Performance monitoring is essential for the secure and reliable operation of a cloud environment.
Data on the performance of the underlying components may provide early indications of hardware failure
Traditionally, four key subsystems are recommended for monitoring in cloud environments:
- Network: Excessive dropped packets
- Disk: Full disk or slow reads and writes to the disks (input/output operations per second [IOPS])
- Memory: Excessive memory usage or full utilization of available memory allocation
- CPU: Excessive CPU utilization
Familiarize yourself with these four subsystems and learn about the vendor-specific monitoring recommendations, best practice guidelines, and thresholds for performance as required.
Although each vendor has specific thresholds and ranges for acceptable operation identified by area for their products and platforms, generally, for each of the four subareas identified, a lower value based on measurement over time indicates better performance. However, this is directly dependent on the specific parameters of the monitored item in question.
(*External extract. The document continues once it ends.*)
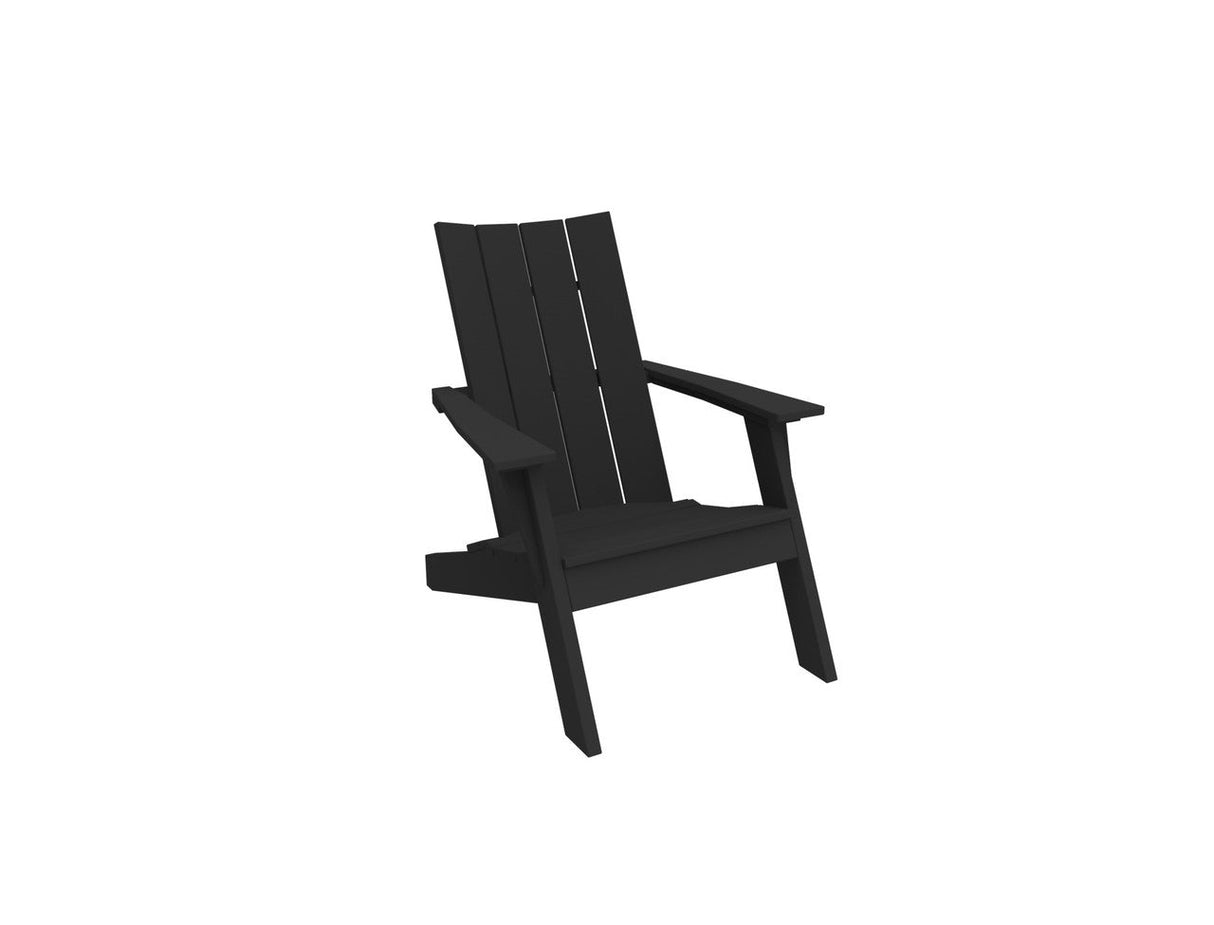 Seaside Casual MAD Adirondack Chair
Cloud Outsourcing Monitoring
Adequate staffing should be allocated for the 24/7 monitoring of the cloud environment.
One option is to outsource the monitoring function to a trusted third party.
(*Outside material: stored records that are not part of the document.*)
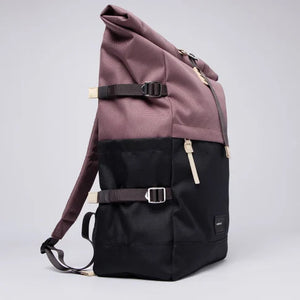 BERNT Backpack Multi Lilac Dawn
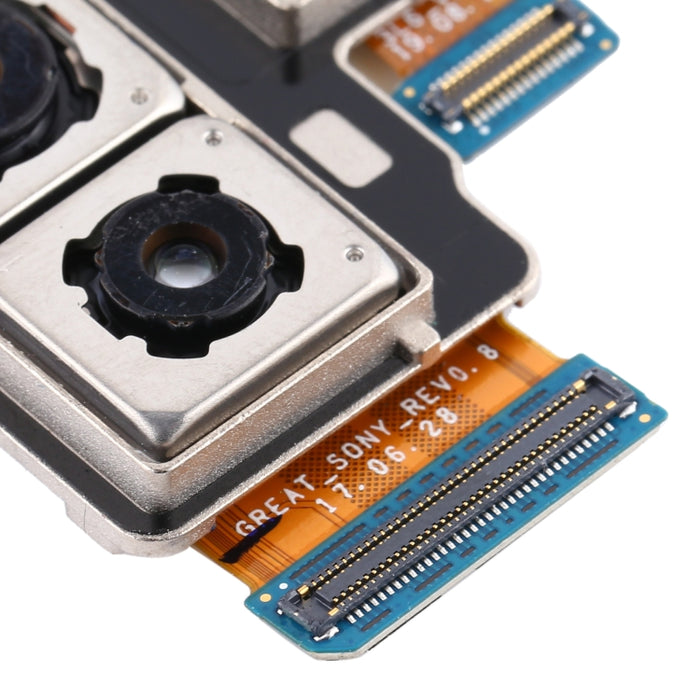 Para Samsung Galaxy Note10 Lite SM-N770 Versión de EE. UU. Cámara trasera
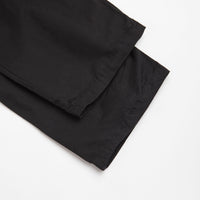 Vans Range Baggy Tapered Pants - Black thumbnail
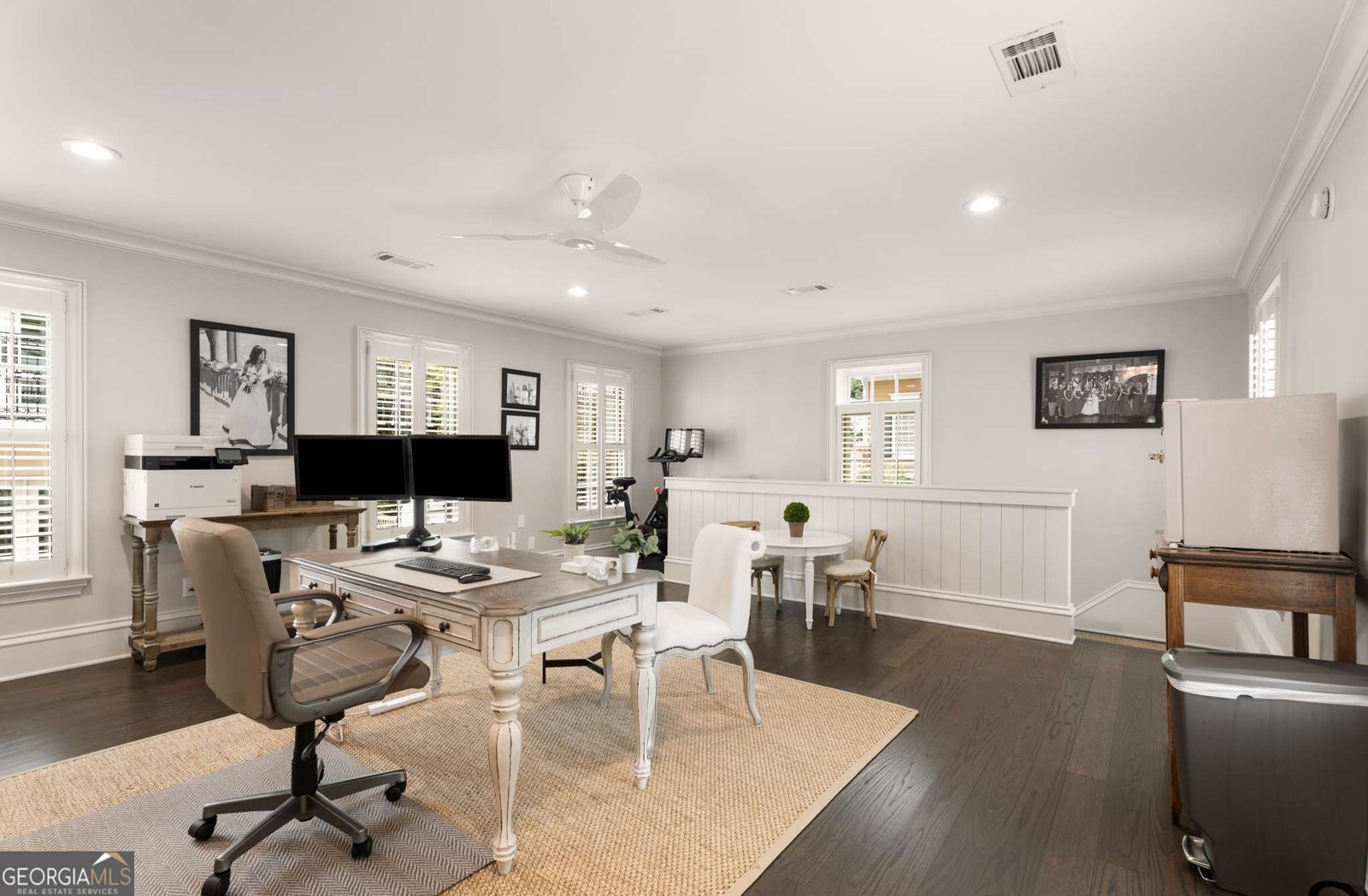 301 Abercorn Square Peachtree City - 64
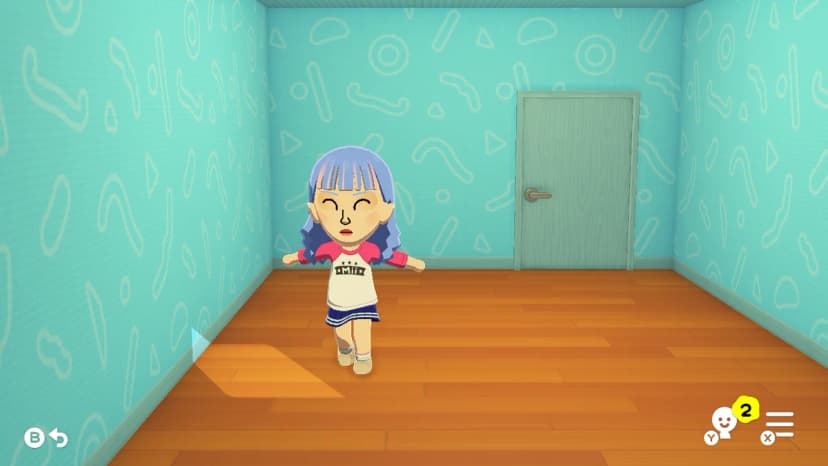 Leah Mii gallery photo 2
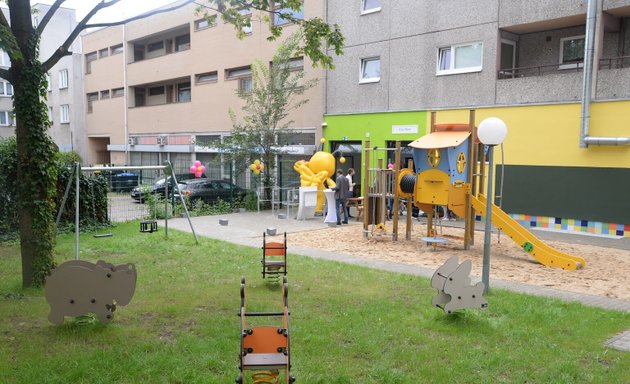 Foto von Hauptstadtkinder gGmbH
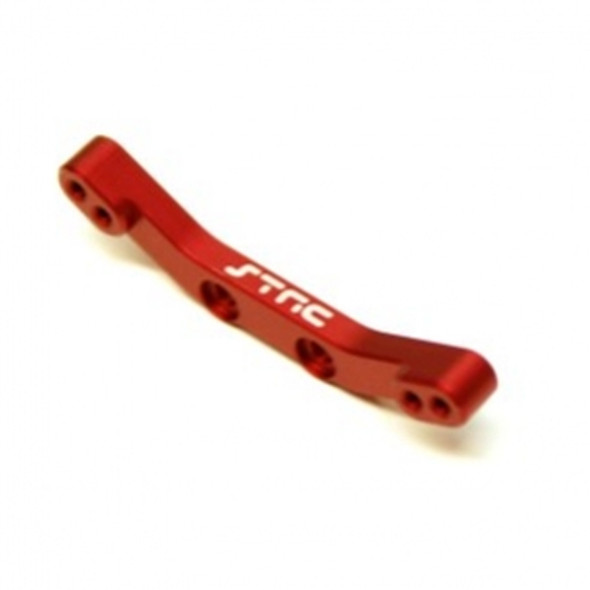STRC ST8338FR Aluminum Front Shock Tower : Traxxas 4Tec 2.0 Red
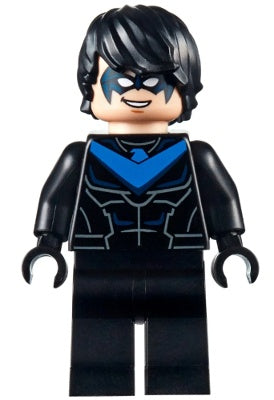 Nightwing LEGO Minifigure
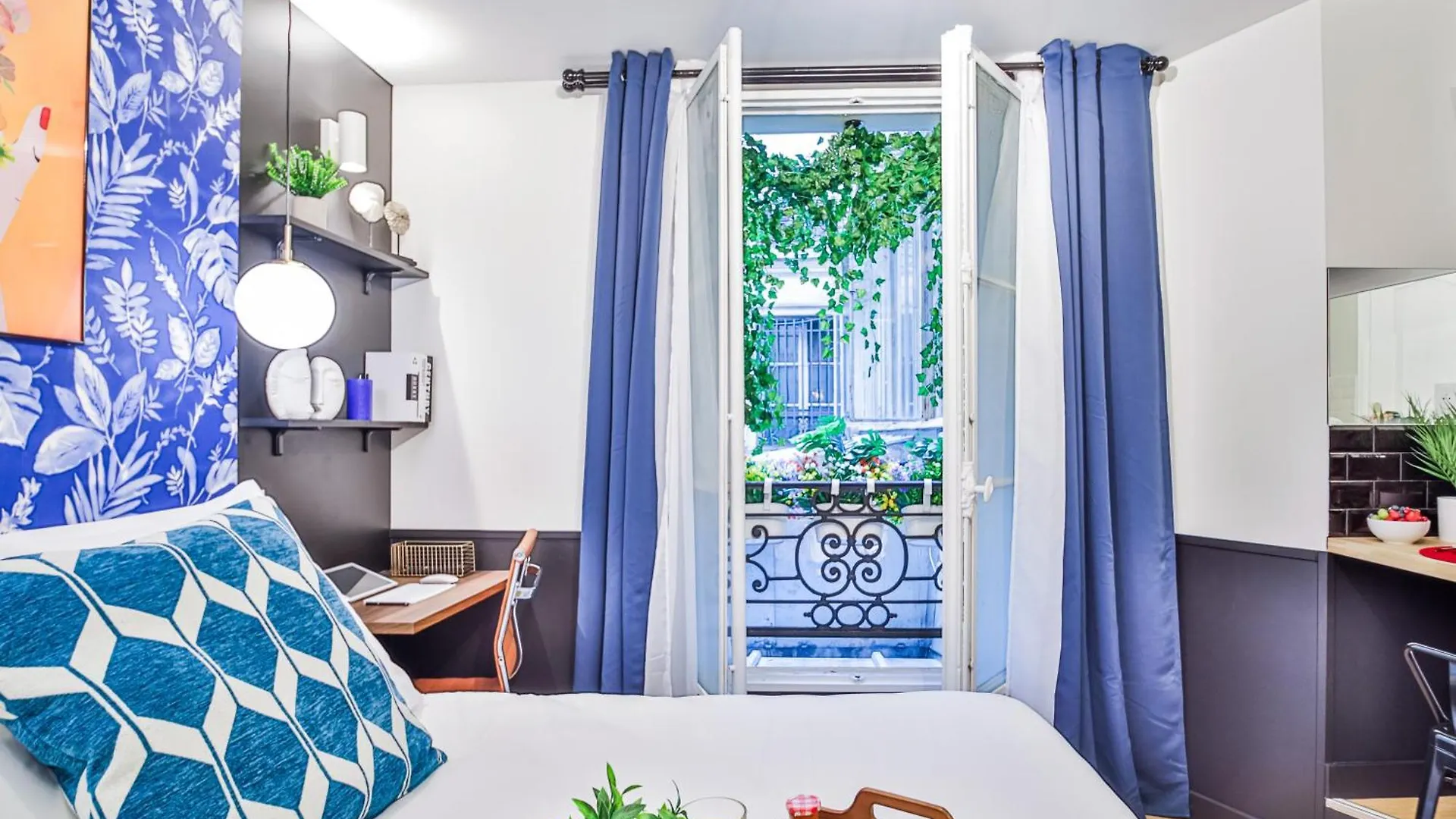 Ws Louvre - Saint-Germain Apartment Paris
Exercise due care and due diligence if you’re pursuing an outsourcing option.
The need to assess risk and manage a vendor relationship in such a critical area for the enterprise means that you must take your time vetting potential cloud monitoring partners.
Use common-sense approaches such as these:
- Having HR check references
- Examining the terms of any SLA or contract being used to govern service terms
- Executing some form of a trial of the managed service in question before implementing into production
Cloud Hardware Performance Monitoring
In cloud environments, regardless of how much-virtualized infrastructure you deploy, there is always physical infrastructure underlying it that has to be managed, monitored, and maintained.
Extend your monitoring of the four key subsystems discussed in the previous section to include the physical hosts and infrastructure that the virtualization layer rides on top of.
The same monitoring concepts and thought processes apply, as have already been discussed.
The only difference to account for is the need to add some additional items that exist in the physical plane of these systems, such as CPU temperature, fan speed, and ambient temperature within the data center hosting the physical hosts.
Many of the monitoring systems to be deployed to observe virtualized infrastructure can be used to monitor the physical performance aspects of the hosts as well.
These systems can also be used to alert on thresholds established for performance based on several methods, whether activity or task-based, metric-based, or time-based.
Each vendor has its specific methodologies and tools to be deployed to monitor its infrastructure according to its requirements and recommendations.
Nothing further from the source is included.